╭─ Records for the task

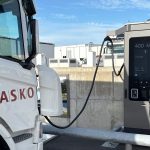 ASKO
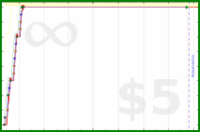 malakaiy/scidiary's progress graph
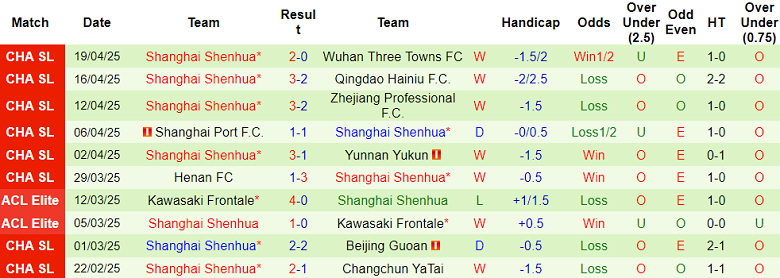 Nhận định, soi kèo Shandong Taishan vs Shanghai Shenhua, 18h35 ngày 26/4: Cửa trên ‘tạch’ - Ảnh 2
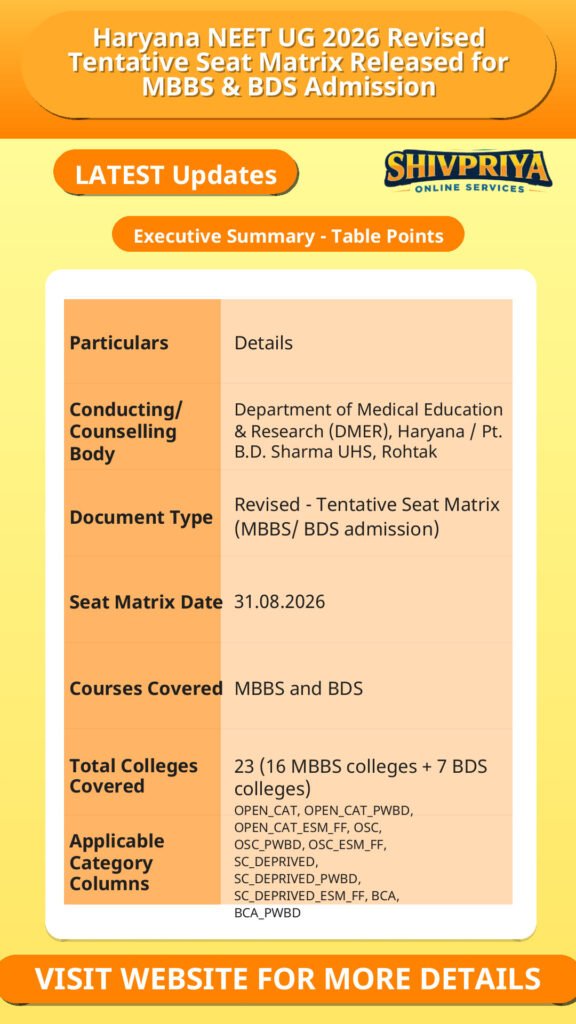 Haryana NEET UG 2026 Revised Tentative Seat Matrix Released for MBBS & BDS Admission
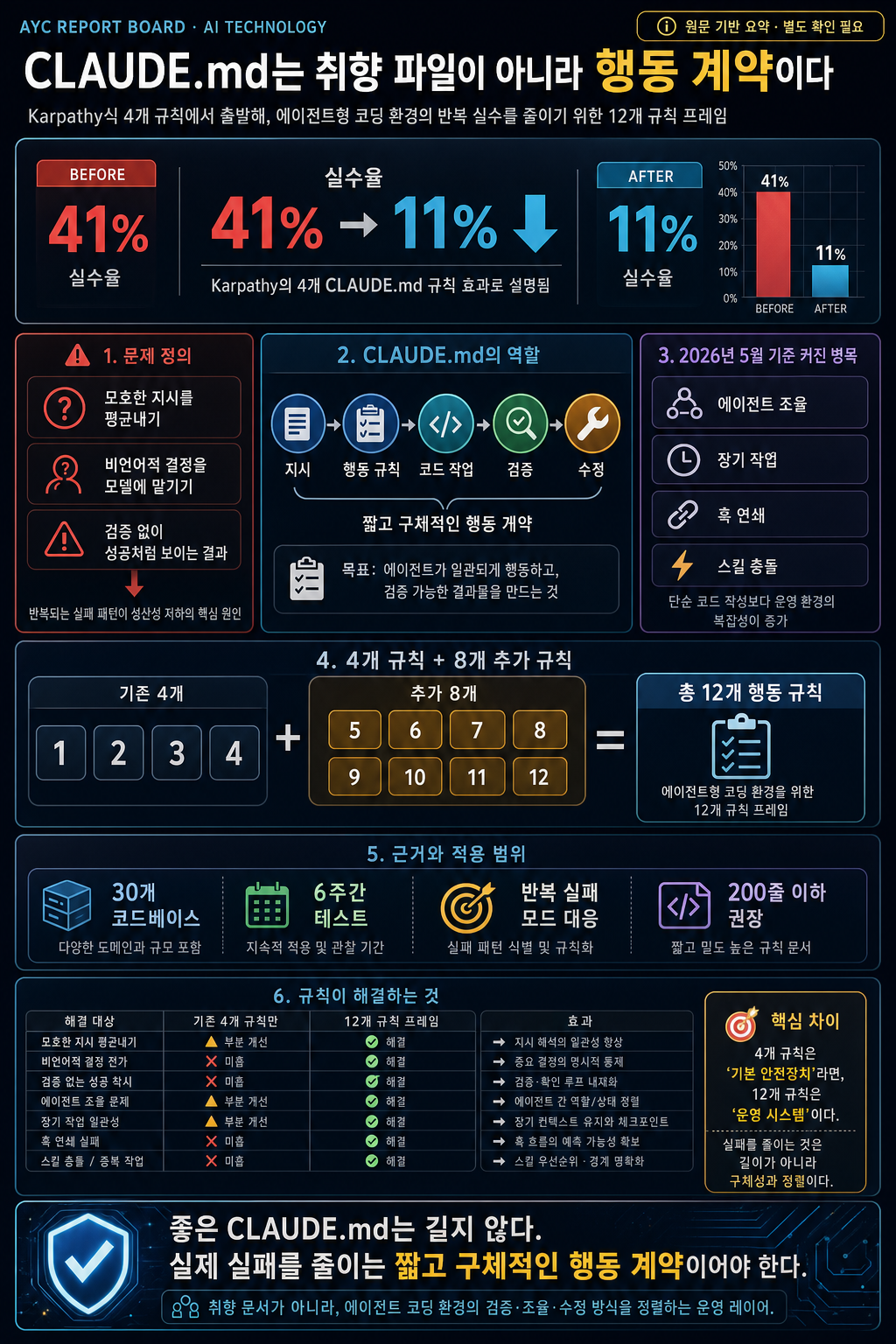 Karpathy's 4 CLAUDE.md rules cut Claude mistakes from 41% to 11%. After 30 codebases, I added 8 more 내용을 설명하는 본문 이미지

╰─
╭─ Records for the task

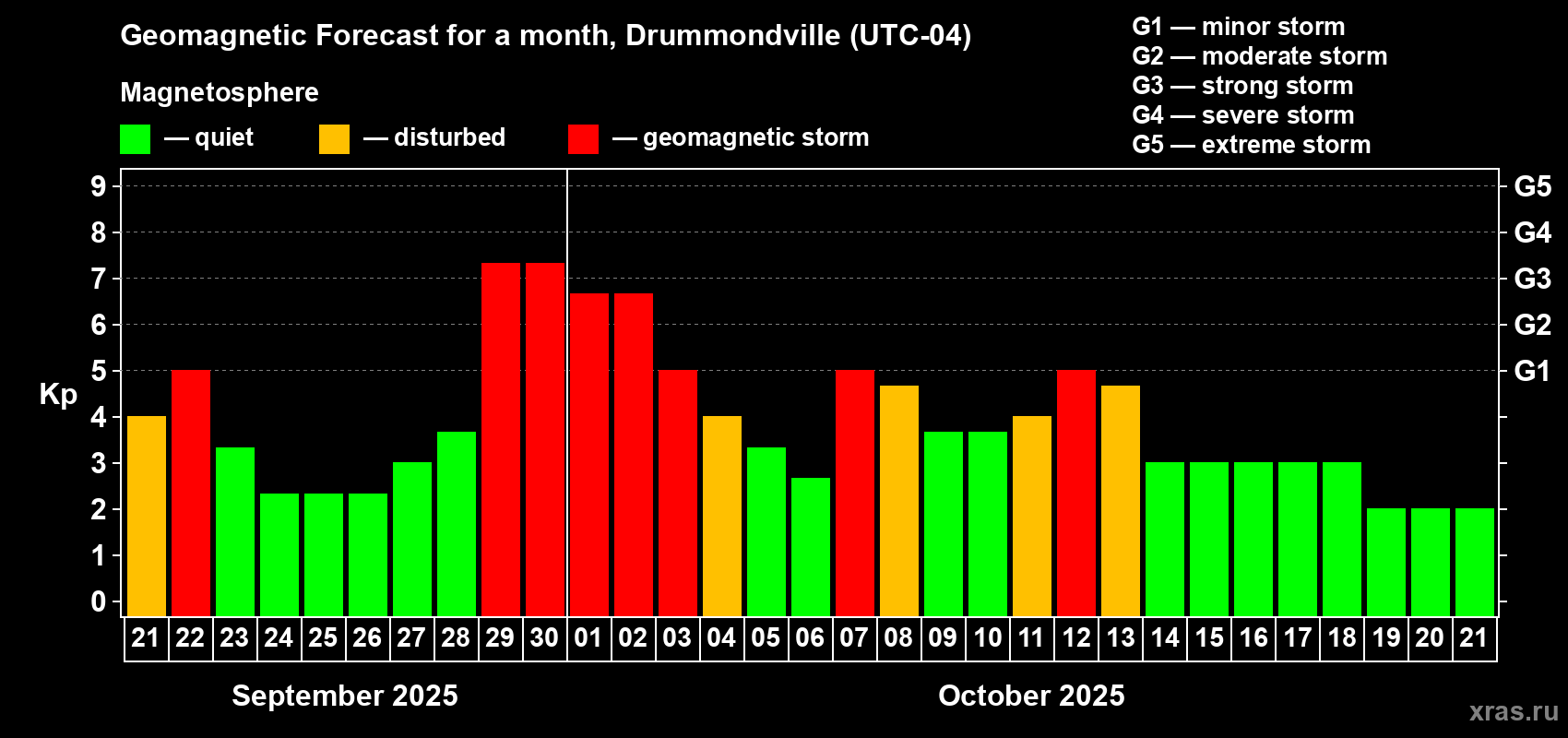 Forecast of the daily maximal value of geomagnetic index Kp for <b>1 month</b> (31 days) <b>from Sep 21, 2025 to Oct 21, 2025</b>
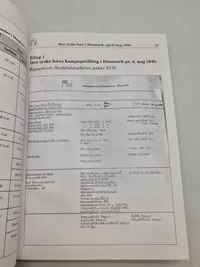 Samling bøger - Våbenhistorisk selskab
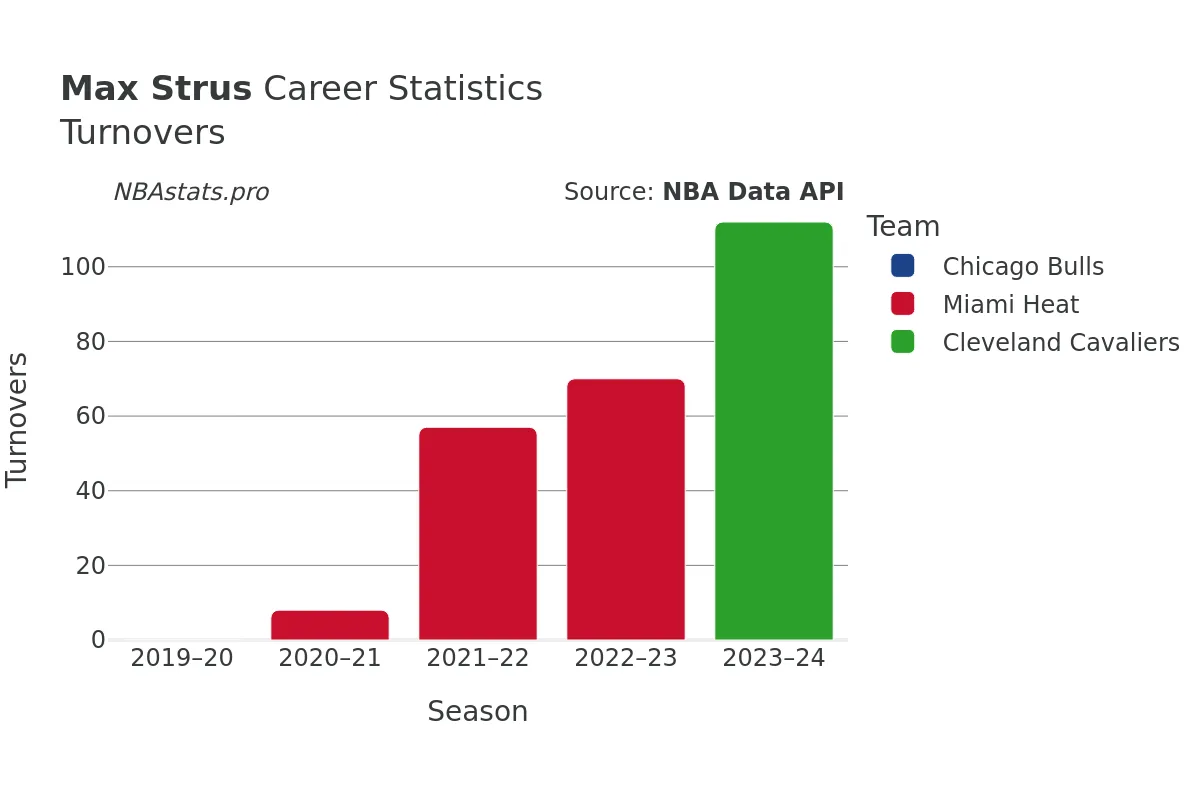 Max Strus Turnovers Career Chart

╰─

Work order: In the data above, find the line with "Forecast of the" and the line with "Max Strus Turnovers Career Chart". Please copy exactly those two lines and every line between them, but not the pictures.

Result of this task:
 Forecast of the daily maximal value of geomagnetic index Kp for <b>1 month</b> (31 days) <b>from Sep 21, 2025 to Oct 21, 2025</b>
 Samling bøger - Våbenhistorisk selskab
 Max Strus Turnovers Career Chart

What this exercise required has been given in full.